• _GOAL OF THE EXERCISE_: Copy the data exactly; pictures stay out of the copy.
RECORDED INFORMATION START
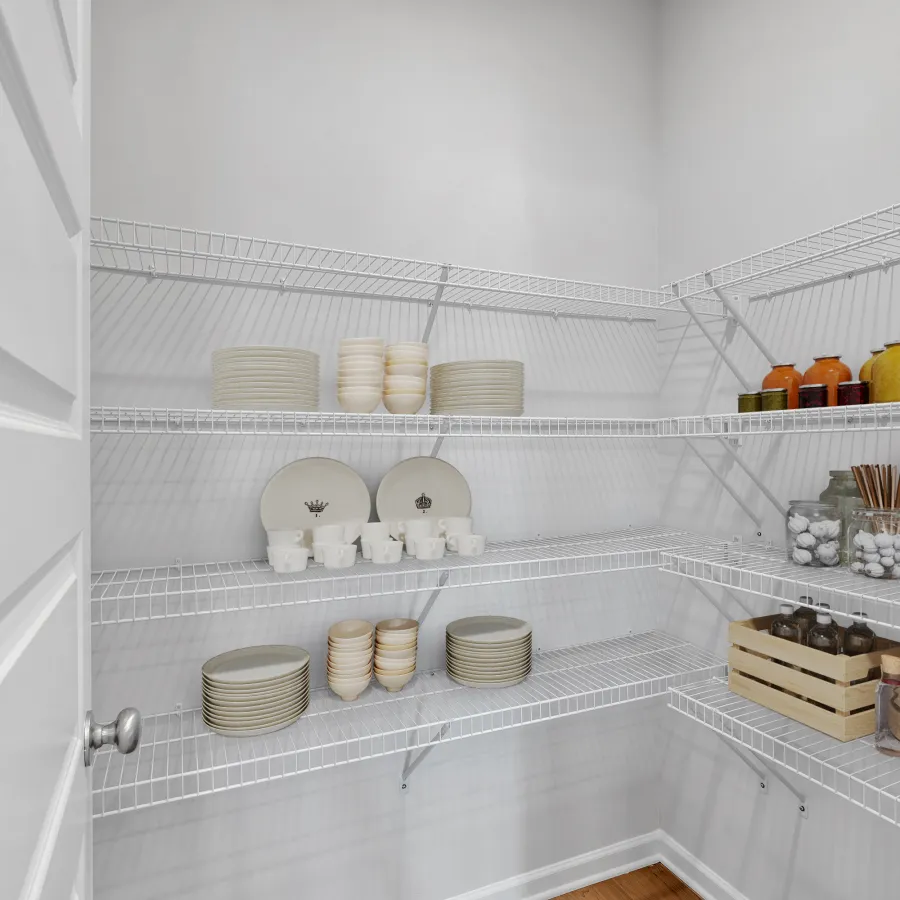 Organized pantry with white wire shelves holding dishes, jars, bottles, and a wooden crate in a bright white room.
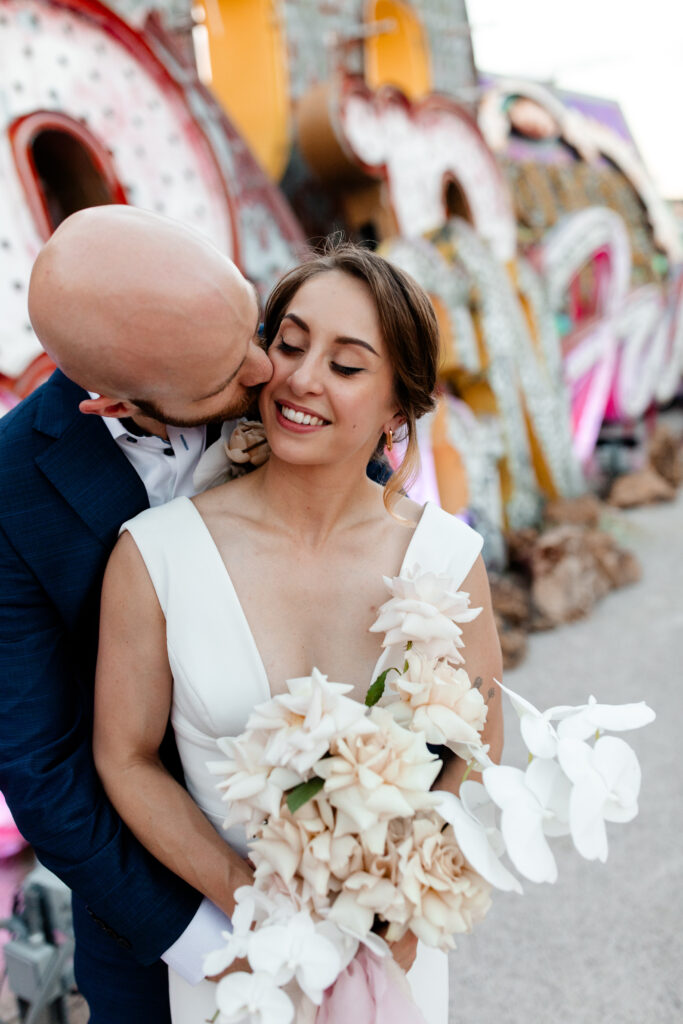 Las Vegas wedding photographer captures couple surrounded by iconic neon signs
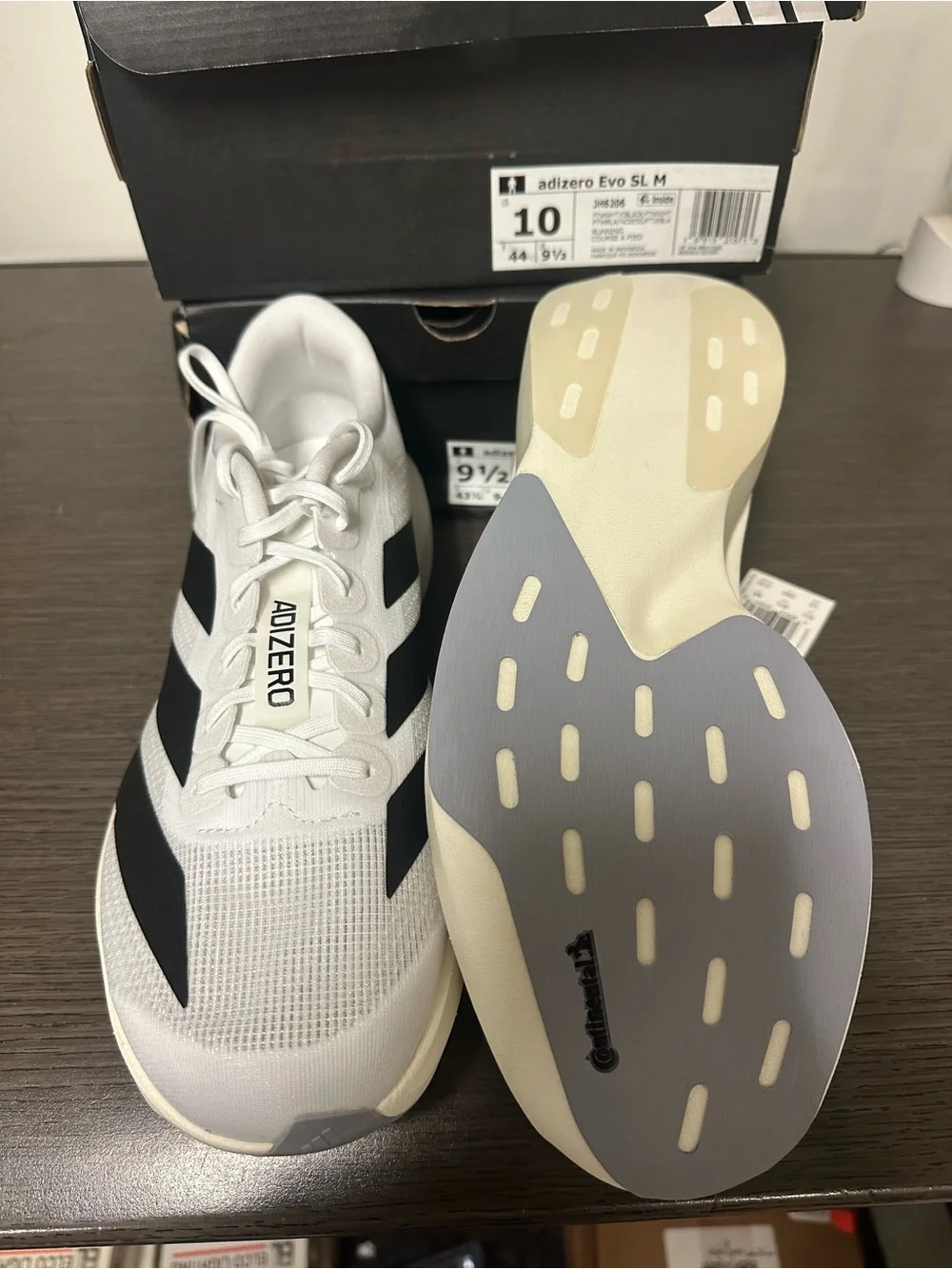Brand New adidas Adizero Evo SL running shoes in Cloud White and Core Black.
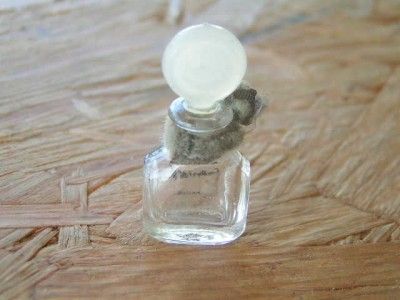 am very pleased to offer a beautiful vintage tiny perfume bottle 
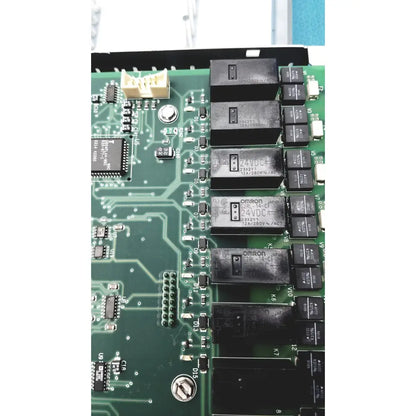Black omron 24vdc relays mounted on green circuit board in siemens apogee automation 549-627 1210 modular controller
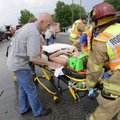 Stephen Varner talks to Sarah Beth Champagne as she is moved to a waiting ambulance Tuesday after be...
RECORDED INFORMATION END
• _TASK ANSWER_:
 Organized pantry with white wire shelves holding dishes, jars, bottles, and a wooden crate in a bright white room.
 Las Vegas wedding photographer captures couple surrounded by iconic neon signs
Brand New adidas Adizero Evo SL running shoes in Cloud White and Core Black.
 am very pleased to offer a beautiful vintage tiny perfume bottle 
Black omron 24vdc relays mounted on green circuit board in siemens apogee automation 549-627 1210 modular controller
 Stephen Varner talks to Sarah Beth Champagne as she is moved to a waiting ambulance Tuesday after be...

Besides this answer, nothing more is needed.